A person's waist-to-height ratio (WHtR), occasionally written WtHR or  called waist-to-stature ratio (WSR), is defined as their waist circumference divided by their height, both measured in the same units. It is used as a predictor of obesity-related cardiovascular disease.  The WHtR is a measure of the distribution of body fat. Higher values of WHtR indicate higher risk of obesity-related cardiovascular diseases; it is correlated with abdominal obesity.

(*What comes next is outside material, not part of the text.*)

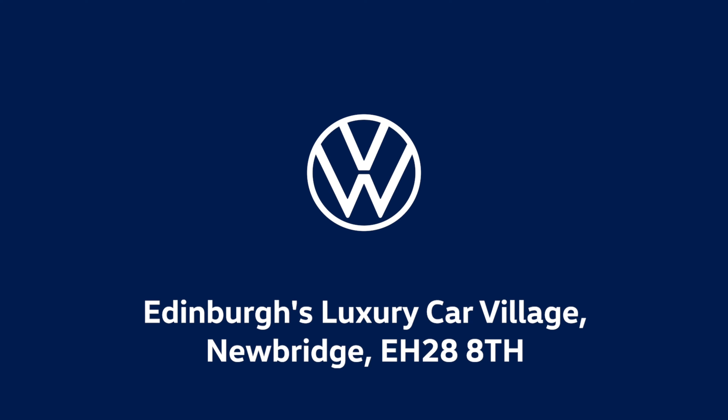For more information on this fantastic car as well as many others, feel free to phone, email, or pop into Western Volkswagen Newbridge.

More than twenty-five years ago, waist-to-height ratio (WHtR) was first suggested as a simple health risk assessment tool because it is a proxy for 'harmful' central adiposity  and a boundary value of 0.5 was proposed to indicate increased risk. A WHtR of over 0.5 is critical and signifies an increased risk; a 2010 systematic review of published studies concluded that "WHtR may be advantageous because it avoids the need for age-, sex- and ethnic-specific boundary values". In April 2022, the UK's National Institute for Health and Care Excellence (a government body) proposed new guidelines which suggested that all adults "ensure their waist size is less than half their height in order to help stave off serious health problems". In September 2022, NICE formally adopted this guideline.

According to World Health Organization guidance, the waist circumference is usually measured midway between the lower rib and the iliac crest.

Guidelines

United Kingdom 

In April 2022, the UK's National Institute for Health and Care Excellence (a government body) proposed new guidelines which suggested that all adults "ensure their waist size is less than half their height in order to help stave off serious health problems". In September 2022, NICE formally adopted this guideline.

Suggested boundary values 
The October 2022 NICE guidelines have suggested boundary values for WHtR (defining the degree of central adiposity) as follows:
 healthy central adiposity: waist-to-height ratio 0.4 to 0.49, indicating no increased health risks
 increased central adiposity: waist-to-height ratio 0.5 to 0.59, indicating increased health risks 
 high central adiposity: waist-to-height ratio 0.6 or more, indicating further increased health risks. 
NICE say that these classifications can be used for people with a Body Mass Index (BMI) of under 35, for both sexes and all ethnicities, including adults with high muscle mass. The health risks associated with higher levels of central adiposity include type 2 diabetes, hypertension and cardiovascular disease. NICE have proposed the same boundary values for children of 5 years and over.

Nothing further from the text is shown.